Jefferson Savings Bancorp's annual meeting turned stormy last week when a number of shareholders accused management of ignoring their interests.
The shareholders, including one who owns 10% of the company, griped about their lack of representation on Jefferson Savings' board, the lack of a cash dividend, a recently adopted anti-takeover plan, and excessive management compensation.
David McCay, chairman of the $860 million-asset St. Louis company, declined to comment on the meeting.
Shareholders' discontent sent the company's stock to $18.50 Monday; It had been at $16.75 a week before the meeting.
Mary Katherine Drake, a vocal shareholder at the meeting, said she was upset that a St. Louis businessman who owns little stock in the company was named to the board.
"My biggest concern was the fact that I have 10% of the stock and I haven't been offered any representation," Ms. Drake said in an interview. "They're putting people on (the board) who will vote the way management wants them to vote."
Ms. Drake, a resident of Texas, also called the company's shareholder rights plan, adopted last summer, "a poison pill type of situation where they're totally protected and the shareholders are not."
Shareholders also questioned why the company has not paid cash dividends while management and directors get hefty salary and benefits.
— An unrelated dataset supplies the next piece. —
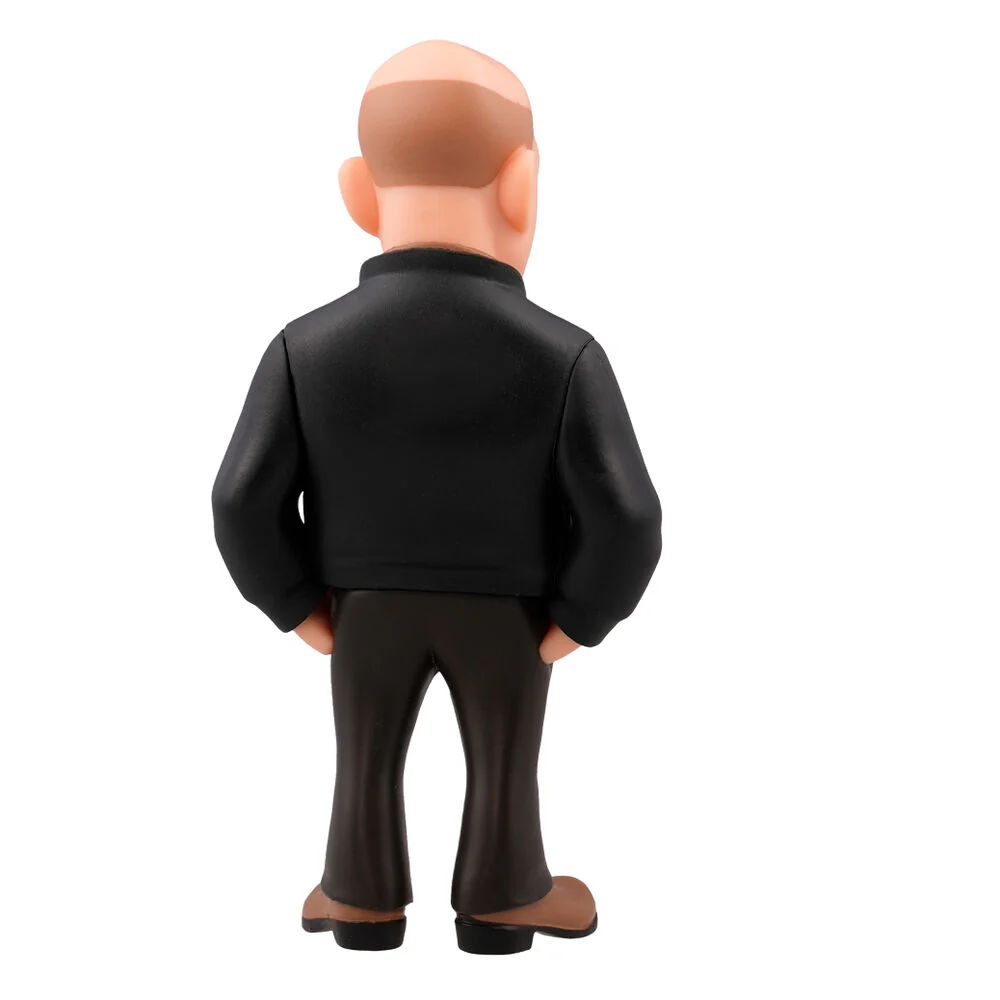 Figura Minix Hank Schrader Breaking Bad 12Cm - Image 4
They complained about Mr. McCay's $300,000 salary and "sleazy" pension packages that directors have implemented, according to an account of the meeting in the St. Louis Post-Dispatch.
In the Post-Dispatch Mr. McCay defended his decisions, saying, "I'm doing a good job, and if the board doesn't like the job I'm doing, then they can fire me."
Wayne Bopp, a thrift analyst with Stifel, Nicolaus & Co., St. Louis, who attended the April 24 meeting, said he was surprised to see how unhappy shareholders were but that at least one concern had merit.
"The biggest complaint that I thought was valid is they really ought to institute a cash dividend," said Mr. Bopp, who this week downgraded his rating on Jefferson Savings to "hold" from "long-term buy." "I'm highly confident they'll institute a cash dividend fairly soon."
Going forward, management also must communicate better with major shareholders, he said.
Ms. Drake said she has had no response from management since the meeting. "They haven't contacted me at all," she said.
Stanley Bradshaw, chairman of Roosevelt Financial Group, St. Louis, attended the meeting and stirred speculation that his $9.1 billion-asset institution is interested in Jefferson Savings.
However, Mr. Bopp said that Jefferson Savings' three pending acquisitions in Texas totaling about $365 million in assets make the company less attractive for Roosevelt and others because any acquirer would get two divergent markets. Roosevelt, for instance, sold off the Texas branches of an earlier acquisition, he said.
Jefferson Savings earned $1.3 million in the first quarter, up about 1% from a year earlier.